Once the images are set aside, print the remaining lines below exactly.

= Beginning of Section =

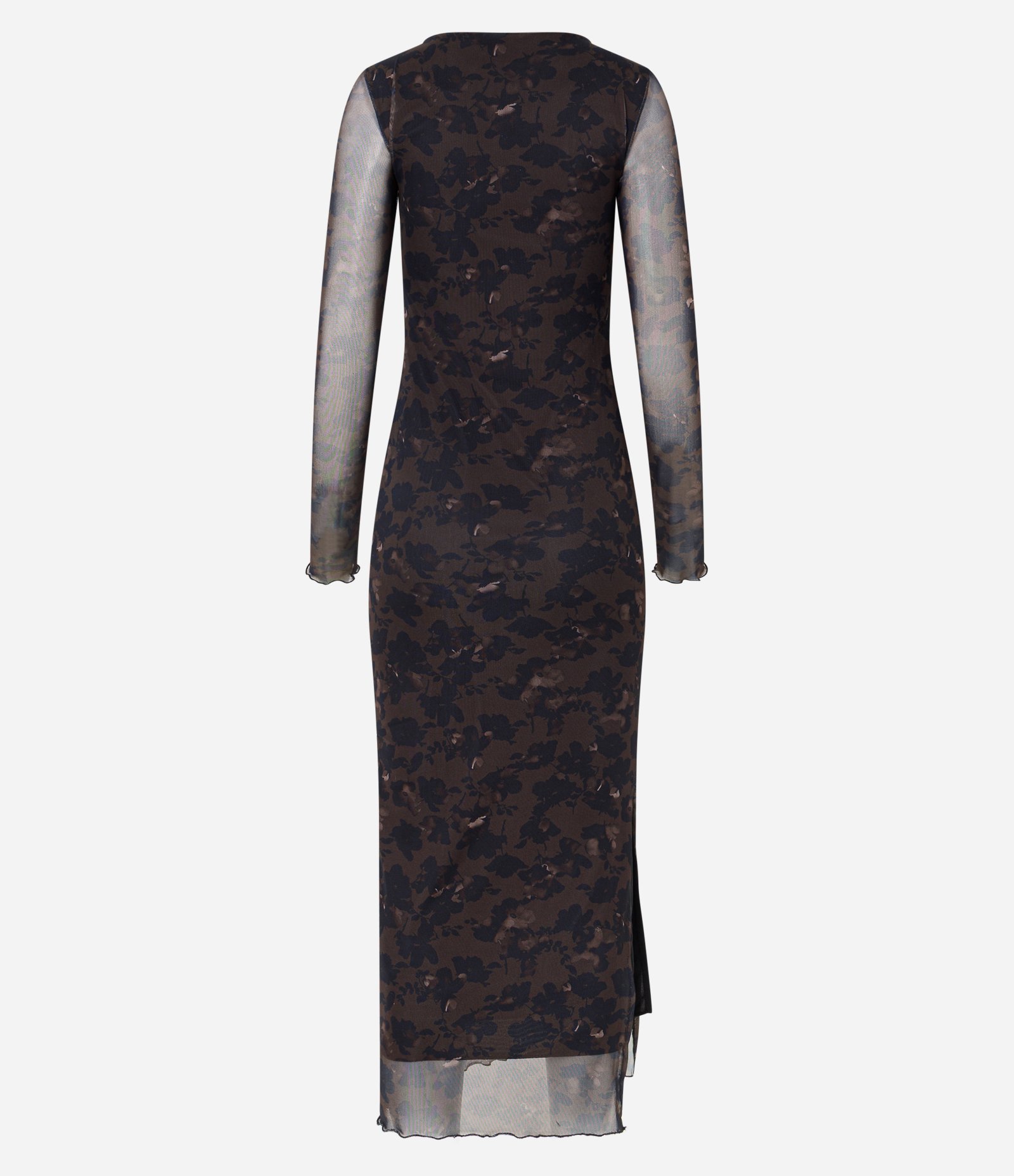 Vestido Midi Manga Longa em Tule com Floral Estampado Marrom 7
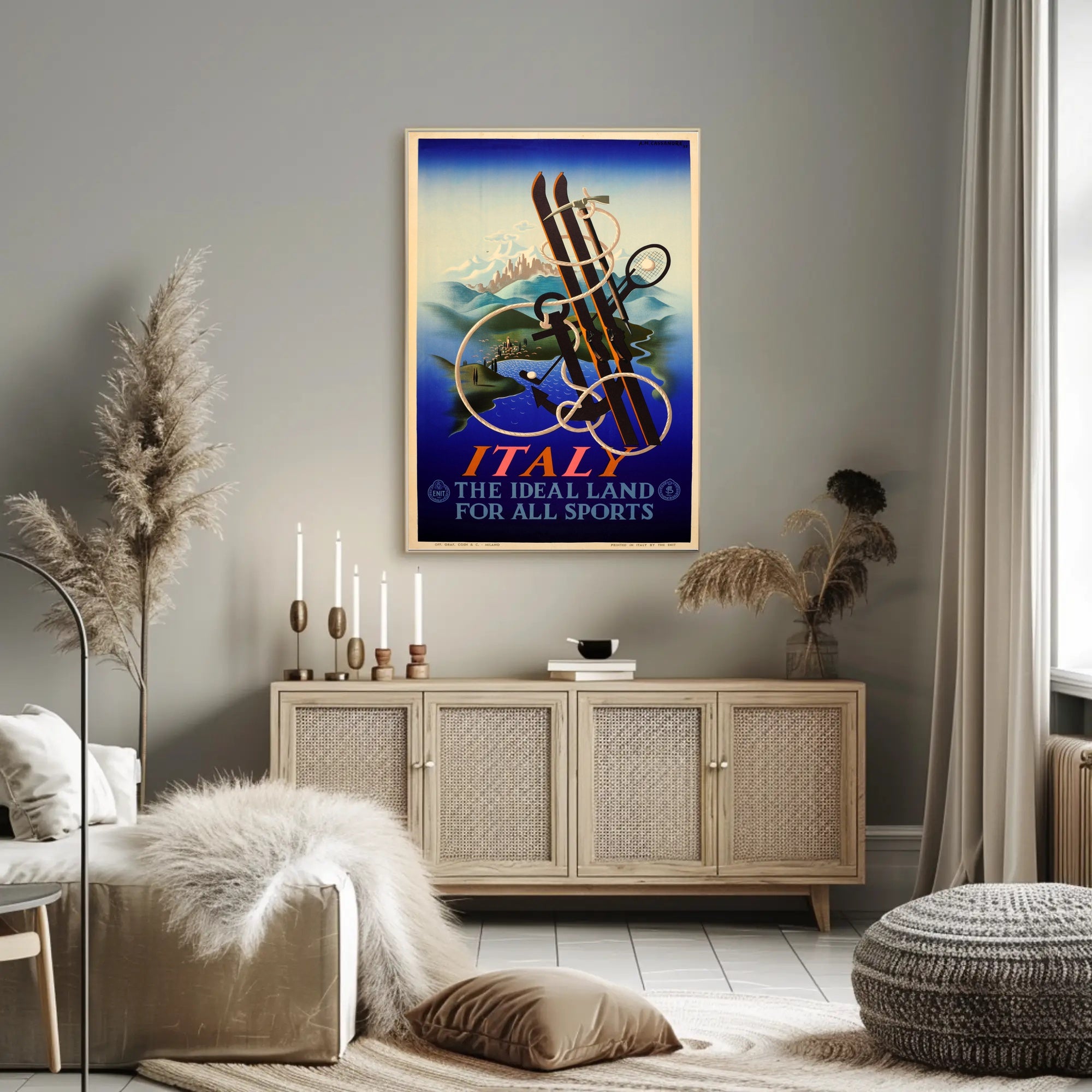 Italy Sports Adventure Vintage Poster Art Deco Influence PosterGoat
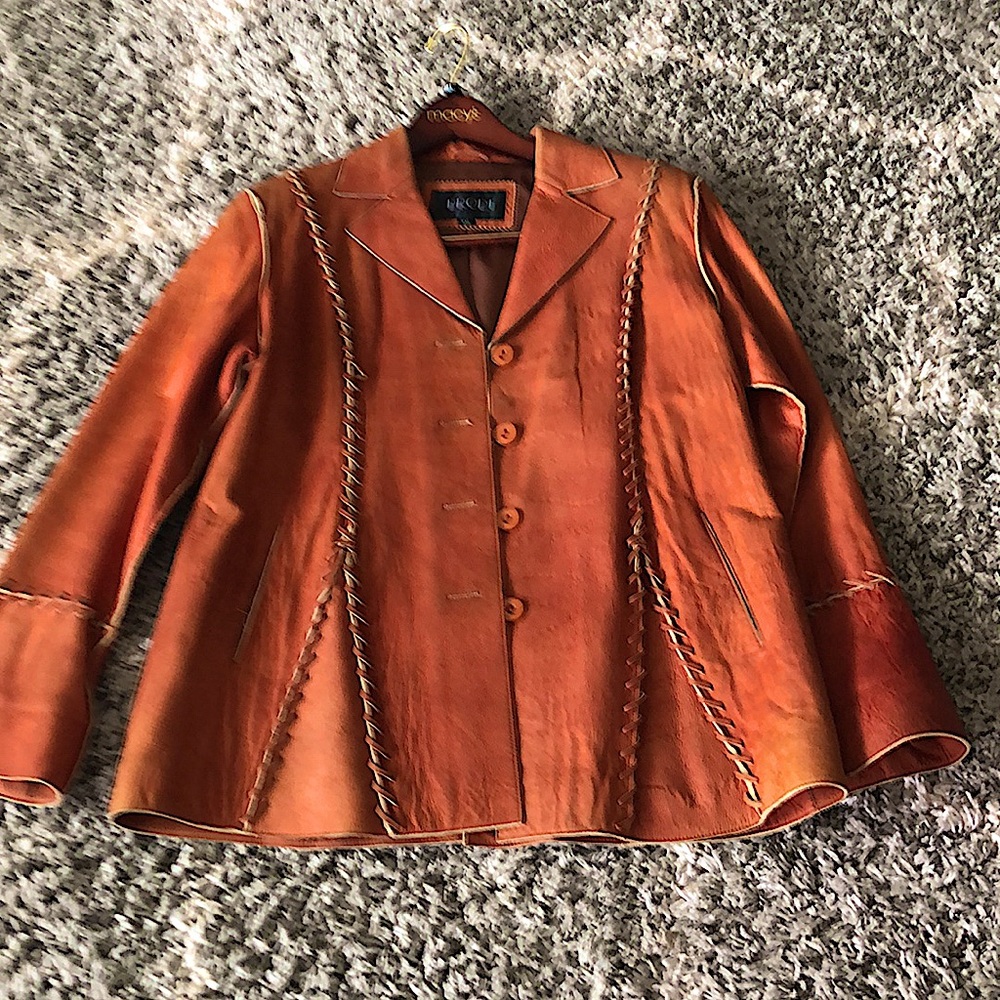 🔥Genuine brown/red leather jacket with details🔥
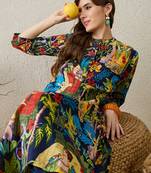 Multicolor printed cotton kurta trouser set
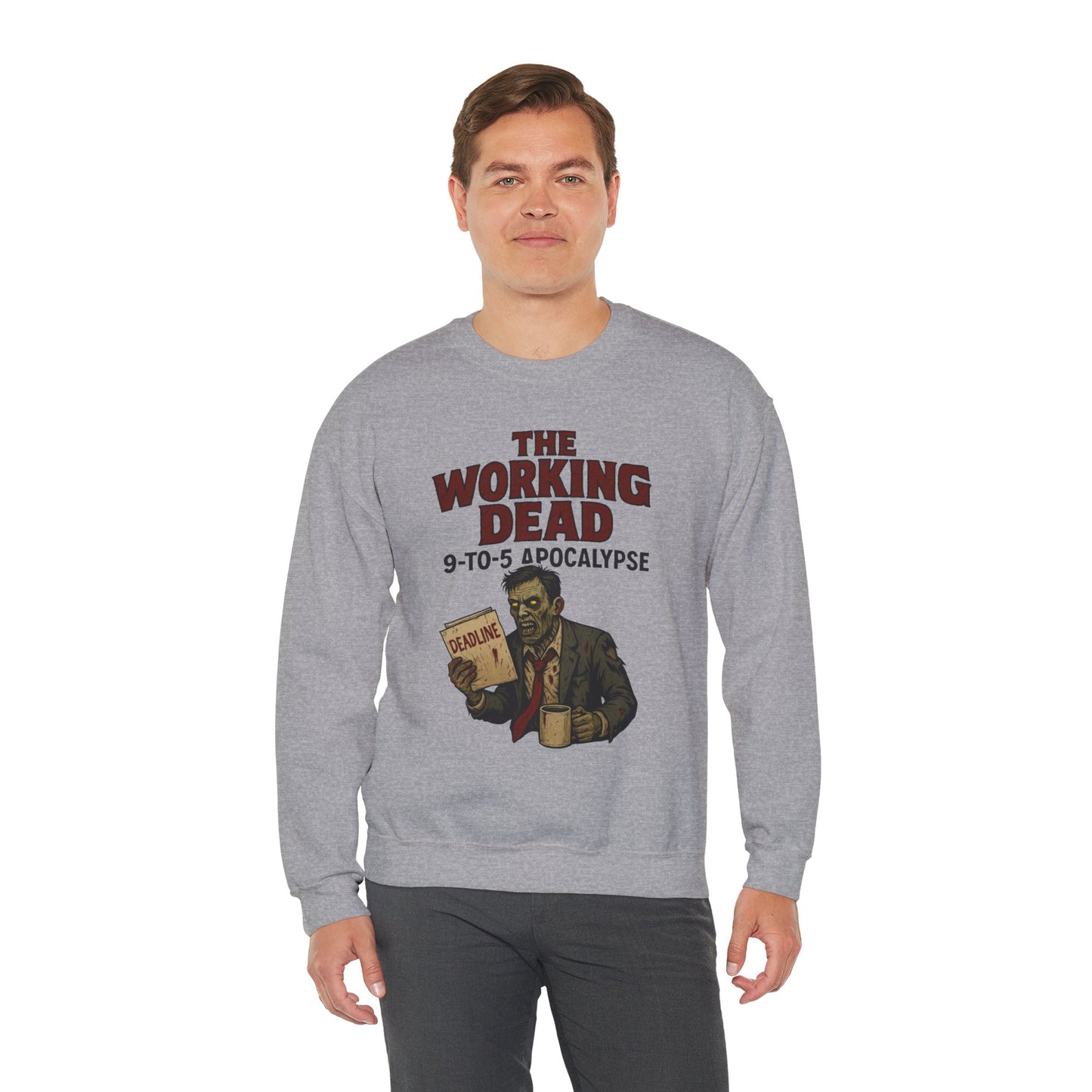 Men's The Working Dead 9-to-5 Apocalypse Sweatshirt, Funny Office Zombie Horror Pullover, Halloween Zombie Work Top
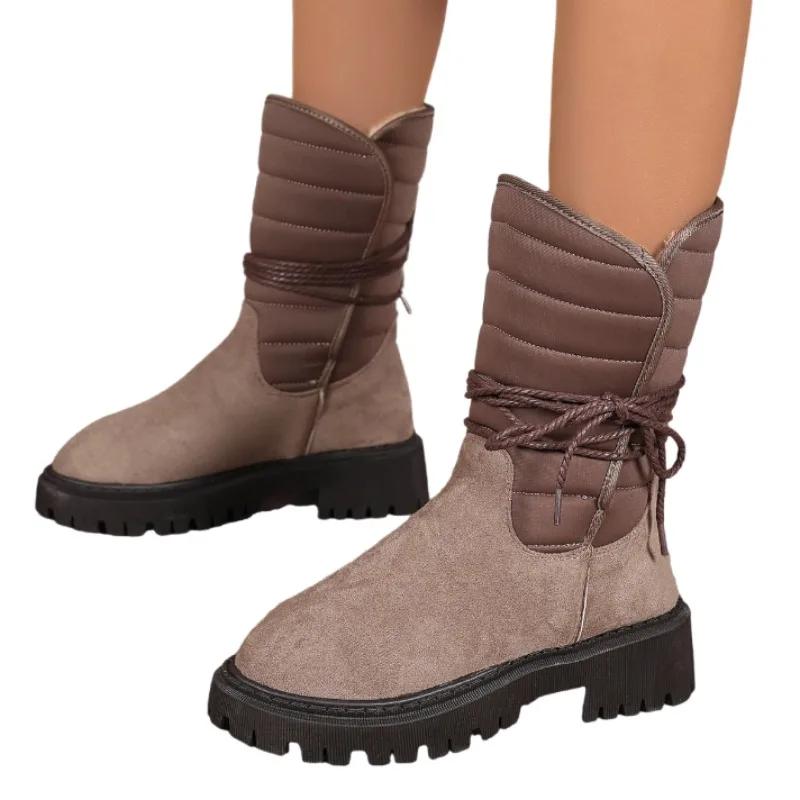 Women Platform Flats Casual Snow Ankle Boots Winter Sports Shoes 2025 New Outside Sneakers Brand Chelsea Non Slip Botas Mujer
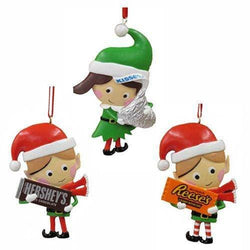 Kurt Adler - Hersey's Candy Elf 3 1/4-Inch Ornament - Set of 3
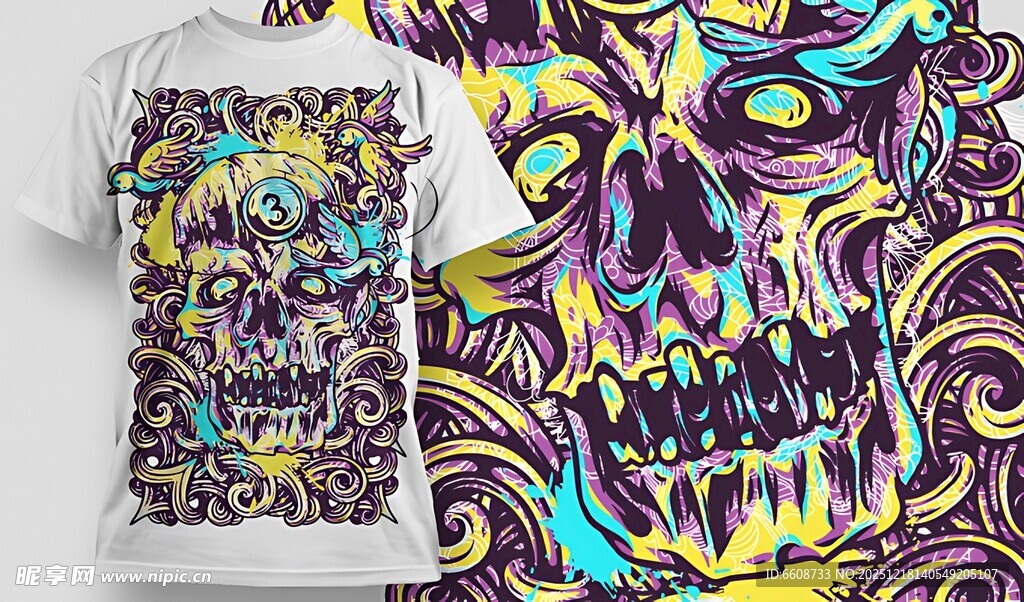 个性骷髅印花潮流T恤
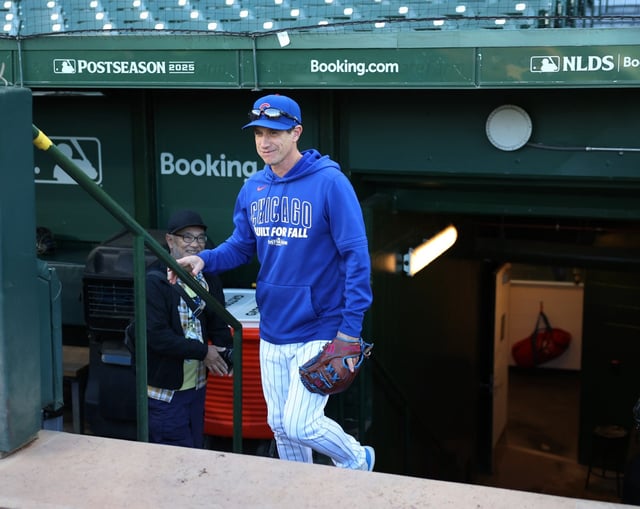 Cubs manager Craig Counsell comes onto the field for a workout at Wrigley Field on Tuesday, Oct. 7, 2025, ahead of Game 3 of the NL Division Series against the Brewers. (Chris Sweda/Chicago Tribune)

= End of Section =

Exercise result:
 Vestido Midi Manga Longa em Tule com Floral Estampado Marrom 7
 Italy Sports Adventure Vintage Poster Art Deco Influence PosterGoat
 🔥Genuine brown/red leather jacket with details🔥
 Multicolor printed cotton kurta trouser set
 Men's The Working Dead 9-to-5 Apocalypse Sweatshirt, Funny Office Zombie Horror Pullover, Halloween Zombie Work Top
 Women Platform Flats Casual Snow Ankle Boots Winter Sports Shoes 2025 New Outside Sneakers Brand Chelsea Non Slip Botas Mujer
 Kurt Adler - Hersey's Candy Elf 3 1/4-Inch Ornament - Set of 3
 个性骷髅印花潮流T恤
 Cubs manager Craig Counsell comes onto the field for a workout at Wrigley Field on Tuesday, Oct. 7, 2025, ahead of Game 3 of the NL Division Series against the Brewers. (Chris Sweda/Chicago Tribune)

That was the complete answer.